Champ : individus de 18 ans et plus.
Lecture : en 1973, sur 100 individus âgés de 18 à 20 ans, 19 ont le permis de conduire.

Les figures 2a et 2b contrastent les taux de détention du permis de conduire selon les sexes par tranche d’âge. Chez les hommes âgés de moins de 30 ans, les taux de détention ont atteint leur maximum pour l’année 1981 – hormis pour les 18‑20 ans pour lesquels cette acmé eut lieu en 1993, probablement en raison de l’arrêt de la conscription obligatoire entre les deux dates (Herpin et Mansuy 1995). À partir de 1981, les taux de détention sont un peu moins élevés pour les moins de 30 ans en 1993, ainsi qu’en 2008. On remarque un déplacement des maxima de taux de détention aux âges plus élevés, la tranche 30‑34 ans comptant le plus grand nombre de titulaires du permis. Autrement dit, le mouvement de baisse des taux de détention chez les jeunes est déjà ancien, puisqu’il remonte aux années 1980. Ce mouvement reste relativement ténu et transitoire puisque, dans les dernières années, les trentenaires connaissent des taux de détention très semblables d’une date à l’autre. L’analyse de la distribution du taux de détention par âge chez les femmes montre des effets contrastés.

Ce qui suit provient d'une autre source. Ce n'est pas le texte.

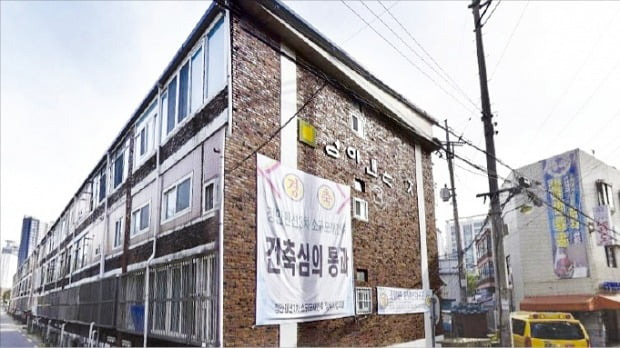 서울 성수동에서 재건축 대신 상업시설 디벨로퍼에 건물을 통째로 파는 노후 빌라가 늘고 있다. 최근 소유주 동의를 얻어 통매각을 결정한 정안맨션3차.  /유오상 기자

D’une part, les jeunes femmes ont connu une très forte croissance de l’obtention du permis aux plus jeunes âges (alors que 16 % des jeunes femmes obtenaient leur permis avant 20 ans en 1981, elles étaient 47 % dans ce cas en 2008). D’autre part, comme chez les jeunes hommes âgés de 20 à 29 ans, les taux de détention sont très similaires depuis 1981 pour cette tranche d’âge. Dresser le constat d’une moindre obtention du permis de conduire apparaît, dans ce contexte, pour le moins audacieux : pour les hommes, la baisse, très ténue, dissimule un rattrapage à la trentaine, tandis que les femmes poursuivent leur accès à la conduite automobile.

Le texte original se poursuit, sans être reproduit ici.